Westling was at one time co-lead defense counsel for Judge G. Thomas Porteous Jr., who was impeached on claims that included his participation in a kickback scheme with a law firm. At the time, in 2010, Westling was a partner at Ober Kaler Grimes & Shriver, where he was chair of the government investigations and white-collar defense team. The firm has since merged with Baker, Donelson, Bearman, Caldwell & Berkowitz.

Westling reportedly stopped representing Porteous because he was representing two witnesses against the judge in a separate matter.

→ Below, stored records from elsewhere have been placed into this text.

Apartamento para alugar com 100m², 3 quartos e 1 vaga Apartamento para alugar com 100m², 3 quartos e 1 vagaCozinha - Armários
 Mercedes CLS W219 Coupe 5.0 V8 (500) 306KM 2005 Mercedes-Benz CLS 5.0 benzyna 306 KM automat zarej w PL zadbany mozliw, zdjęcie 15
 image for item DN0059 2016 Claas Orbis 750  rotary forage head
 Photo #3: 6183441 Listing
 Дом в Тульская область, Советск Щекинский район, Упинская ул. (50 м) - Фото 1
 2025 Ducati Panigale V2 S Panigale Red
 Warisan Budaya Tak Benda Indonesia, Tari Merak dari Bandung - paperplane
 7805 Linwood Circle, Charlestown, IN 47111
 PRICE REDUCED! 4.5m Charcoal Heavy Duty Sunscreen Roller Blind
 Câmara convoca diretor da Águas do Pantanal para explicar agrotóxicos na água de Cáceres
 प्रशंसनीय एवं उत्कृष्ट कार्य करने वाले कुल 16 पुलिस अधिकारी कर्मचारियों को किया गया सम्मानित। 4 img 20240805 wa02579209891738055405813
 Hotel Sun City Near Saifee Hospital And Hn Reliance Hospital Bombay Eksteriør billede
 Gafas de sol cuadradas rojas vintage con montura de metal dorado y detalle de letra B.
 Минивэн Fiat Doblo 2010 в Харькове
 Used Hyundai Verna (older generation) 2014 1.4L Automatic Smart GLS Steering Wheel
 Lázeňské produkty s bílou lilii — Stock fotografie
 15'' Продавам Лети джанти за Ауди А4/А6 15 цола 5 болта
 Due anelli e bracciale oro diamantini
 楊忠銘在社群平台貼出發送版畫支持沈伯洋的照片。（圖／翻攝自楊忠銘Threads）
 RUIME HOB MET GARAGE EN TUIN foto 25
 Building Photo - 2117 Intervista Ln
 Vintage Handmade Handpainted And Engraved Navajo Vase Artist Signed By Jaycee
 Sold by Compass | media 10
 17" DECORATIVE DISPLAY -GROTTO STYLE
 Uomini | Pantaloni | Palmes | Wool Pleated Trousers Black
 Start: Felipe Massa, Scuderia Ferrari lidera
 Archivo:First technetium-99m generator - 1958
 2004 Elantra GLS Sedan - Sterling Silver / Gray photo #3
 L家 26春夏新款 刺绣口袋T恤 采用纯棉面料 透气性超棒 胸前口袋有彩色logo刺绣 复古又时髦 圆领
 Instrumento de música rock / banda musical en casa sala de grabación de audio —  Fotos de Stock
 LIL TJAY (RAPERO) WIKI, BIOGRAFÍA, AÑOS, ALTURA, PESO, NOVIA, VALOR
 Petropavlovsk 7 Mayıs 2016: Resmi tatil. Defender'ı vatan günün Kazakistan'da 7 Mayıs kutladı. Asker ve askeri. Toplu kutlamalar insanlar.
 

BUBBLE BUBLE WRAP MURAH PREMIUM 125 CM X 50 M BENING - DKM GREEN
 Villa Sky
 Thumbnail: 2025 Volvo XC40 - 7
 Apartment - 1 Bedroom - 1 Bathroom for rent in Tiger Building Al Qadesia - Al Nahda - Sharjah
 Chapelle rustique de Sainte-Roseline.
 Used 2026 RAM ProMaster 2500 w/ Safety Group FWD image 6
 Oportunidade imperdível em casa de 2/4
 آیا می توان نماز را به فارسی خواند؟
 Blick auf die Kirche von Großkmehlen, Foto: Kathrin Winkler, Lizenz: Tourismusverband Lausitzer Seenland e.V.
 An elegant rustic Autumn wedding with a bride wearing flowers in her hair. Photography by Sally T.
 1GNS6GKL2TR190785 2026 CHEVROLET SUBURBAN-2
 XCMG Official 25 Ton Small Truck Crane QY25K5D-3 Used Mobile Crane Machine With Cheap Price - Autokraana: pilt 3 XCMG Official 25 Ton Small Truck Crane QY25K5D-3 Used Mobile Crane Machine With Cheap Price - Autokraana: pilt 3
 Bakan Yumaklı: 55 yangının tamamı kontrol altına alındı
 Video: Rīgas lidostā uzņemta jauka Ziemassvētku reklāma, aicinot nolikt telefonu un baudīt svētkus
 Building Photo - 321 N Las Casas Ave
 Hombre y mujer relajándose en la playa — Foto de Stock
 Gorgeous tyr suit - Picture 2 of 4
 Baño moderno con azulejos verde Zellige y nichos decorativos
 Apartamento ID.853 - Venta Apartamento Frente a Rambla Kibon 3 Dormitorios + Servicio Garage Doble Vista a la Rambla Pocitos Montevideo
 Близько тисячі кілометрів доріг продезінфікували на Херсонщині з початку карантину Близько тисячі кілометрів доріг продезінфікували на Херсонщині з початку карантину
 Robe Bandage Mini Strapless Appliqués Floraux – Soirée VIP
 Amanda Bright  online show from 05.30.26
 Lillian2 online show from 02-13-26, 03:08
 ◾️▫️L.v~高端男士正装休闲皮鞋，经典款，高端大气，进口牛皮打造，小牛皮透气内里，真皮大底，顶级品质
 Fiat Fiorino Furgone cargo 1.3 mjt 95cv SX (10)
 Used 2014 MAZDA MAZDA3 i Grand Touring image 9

Westling did not immediately return calls seeking comment. Another defense lawyer for Manafort, Kevin Downing, was not immediately reached for comment.

Manafort's hiring of Westling comes as the Mueller team ratchets up the pressure on the former Trump campaign chairman. Last month, Manafort's longtime associate Rick Gates pleaded guilty to financial fraud and lying to investigators as part of a deal that requires him to cooperate with the special counsel probe.

A week before that guilty plea, Mueller's team filed separate financial fraud charges against Manafort and Gates in Alexandria federal court. Manafort's trial on those charges is set to begin July 10 before Judge T.S. Ellis in the U.S. District Court for the Eastern District of Virginia.

Manafort faces the “very real possibility,” as Ellis recently put it, “of spending the rest of his life in prison.” Manafort's lawyer, Kevin Downing, has called the charges in Washington “ridiculous.”

On Wednesday, Downing and defense lawyer Thomas Zehnle filed papers in Washington asking U.S. District Judge Amy Berman Jackson to dismiss the criminal charges.

“The original and superseding indictments do not focus in the slightest on alleged coordination between the Russian government and the Trump campaign during the 2016 election,” Manafort's lawyers wrote in their motion to dismiss.

Manafort has a pending civil suit in Washington arguing against the scope of Special Counsel Robert Mueller's probe. The Justice Department has rebuffed the argument and urged a trial judge to dismiss the case.